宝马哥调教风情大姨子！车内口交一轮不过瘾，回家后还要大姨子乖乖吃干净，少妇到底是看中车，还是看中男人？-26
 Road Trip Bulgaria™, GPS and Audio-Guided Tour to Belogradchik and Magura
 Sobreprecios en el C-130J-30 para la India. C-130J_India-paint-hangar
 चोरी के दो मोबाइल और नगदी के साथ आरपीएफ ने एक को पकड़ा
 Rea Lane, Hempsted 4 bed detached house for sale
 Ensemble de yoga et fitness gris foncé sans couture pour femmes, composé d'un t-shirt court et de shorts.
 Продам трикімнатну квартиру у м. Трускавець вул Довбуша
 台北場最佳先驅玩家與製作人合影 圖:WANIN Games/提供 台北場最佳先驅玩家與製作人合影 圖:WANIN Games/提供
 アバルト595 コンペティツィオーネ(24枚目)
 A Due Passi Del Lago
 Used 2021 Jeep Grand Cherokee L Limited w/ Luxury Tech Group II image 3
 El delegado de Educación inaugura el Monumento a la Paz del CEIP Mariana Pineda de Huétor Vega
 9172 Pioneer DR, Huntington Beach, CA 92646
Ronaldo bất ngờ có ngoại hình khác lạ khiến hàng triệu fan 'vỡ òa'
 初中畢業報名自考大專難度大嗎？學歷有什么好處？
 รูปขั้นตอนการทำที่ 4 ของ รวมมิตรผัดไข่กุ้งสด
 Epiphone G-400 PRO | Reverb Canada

---

__TASK DIRECTIONS__. Above are the entries. Copy exactly the part that opens with the line containing "Used 2021 Jeep" and closes with the line containing "初中畢業報名自考大專難度大嗎？學歷有什么好處？", and no more.

__RESULT FOR THIS EXERCISE__.
 Used 2021 Jeep Grand Cherokee L Limited w/ Luxury Tech Group II image 3
 El delegado de Educación inaugura el Monumento a la Paz del CEIP Mariana Pineda de Huétor Vega
 9172 Pioneer DR, Huntington Beach, CA 92646
Ronaldo bất ngờ có ngoại hình khác lạ khiến hàng triệu fan 'vỡ òa'
 初中畢業報名自考大專難度大嗎？學歷有什么好處？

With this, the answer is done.